What to produce: Only the text of the records belongs in the answer, copied exactly and without pictures.

Extracted information:
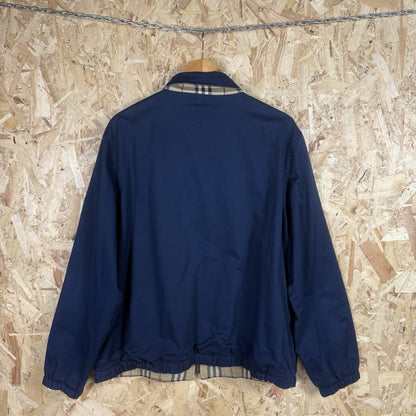 Vintage 90s Burberry Reversible Harrington Jacket L Nova Check Full Zip Navy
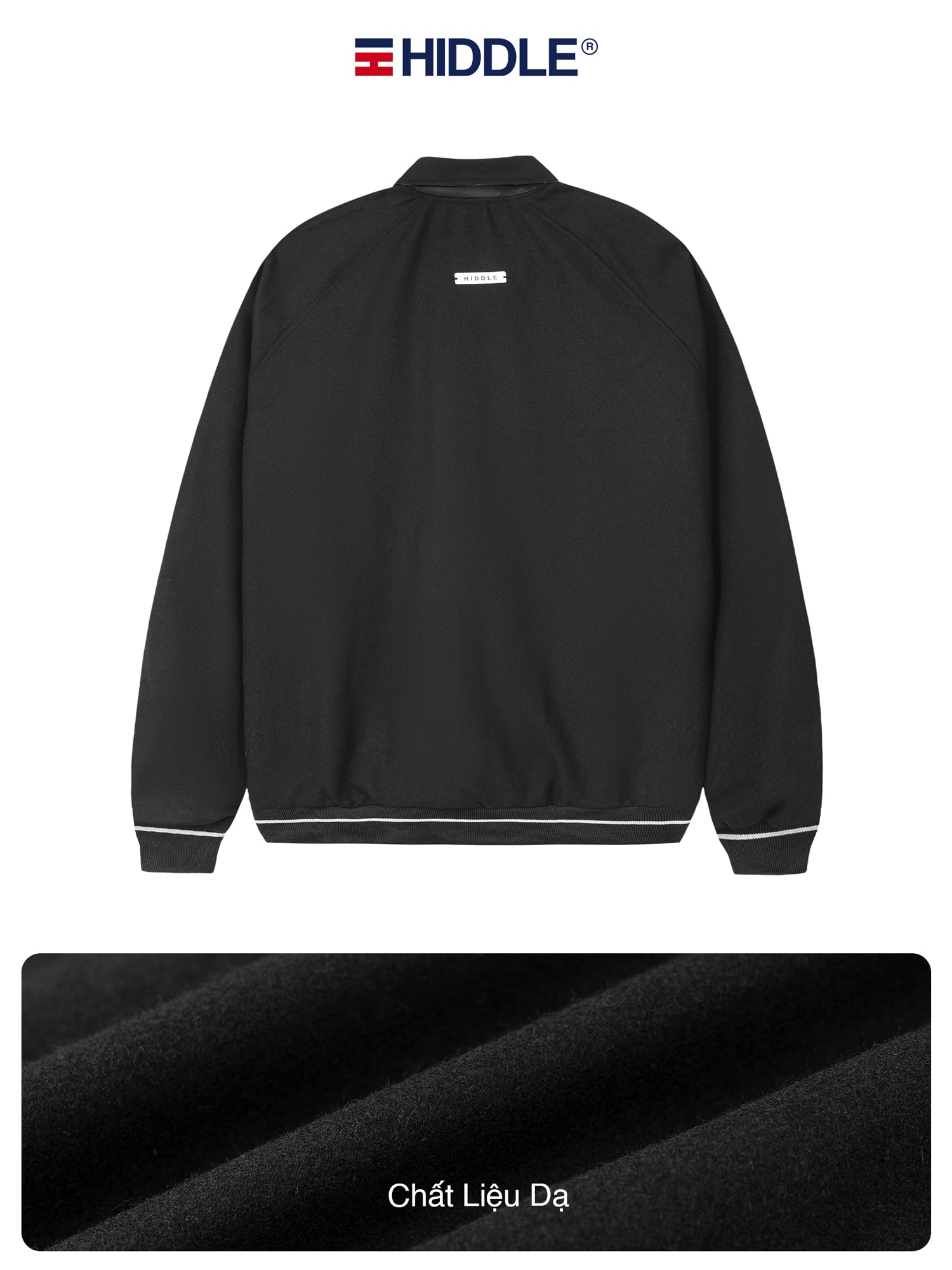 Black jacket with visible branding on a white background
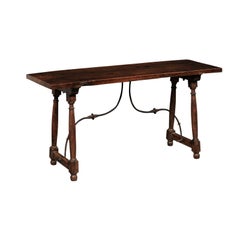 18th C. Italian Low-Profile Fratino Table w/Forged-Iron Stretchers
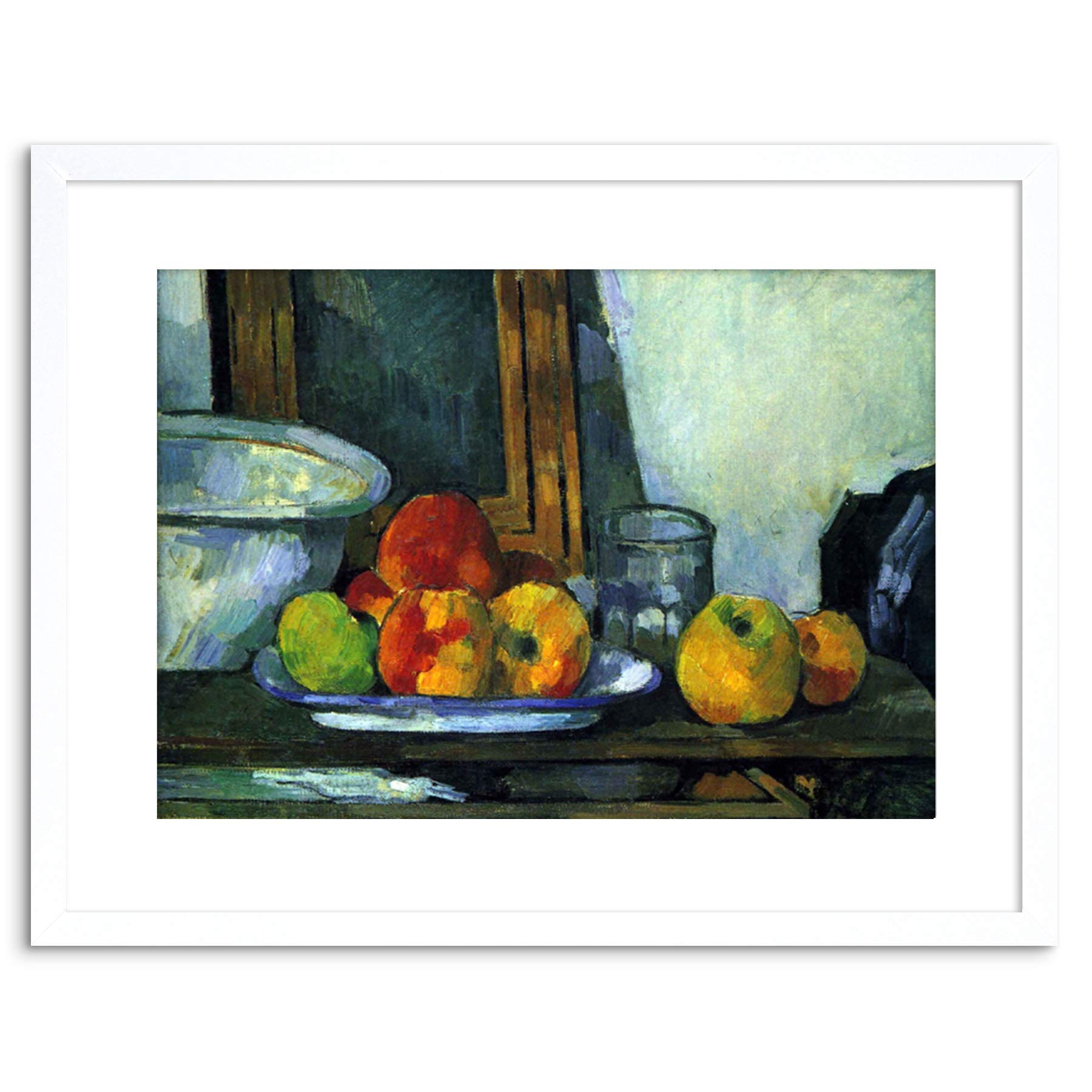 Wee Blue Coo White Painting Cezanne Still Life Open Drawer Framed Picture Art Print F97x8265
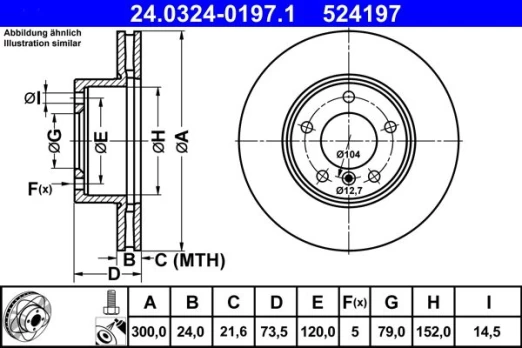 Stabdžių diskas ATE 24.0324-0197.1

Answer section:
 Vintage 90s Burberry Reversible Harrington Jacket L Nova Check Full Zip Navy
 Black jacket with visible branding on a white background
 18th C. Italian Low-Profile Fratino Table w/Forged-Iron Stretchers
 Wee Blue Coo White Painting Cezanne Still Life Open Drawer Framed Picture Art Print F97x8265
 Stabdžių diskas ATE 24.0324-0197.1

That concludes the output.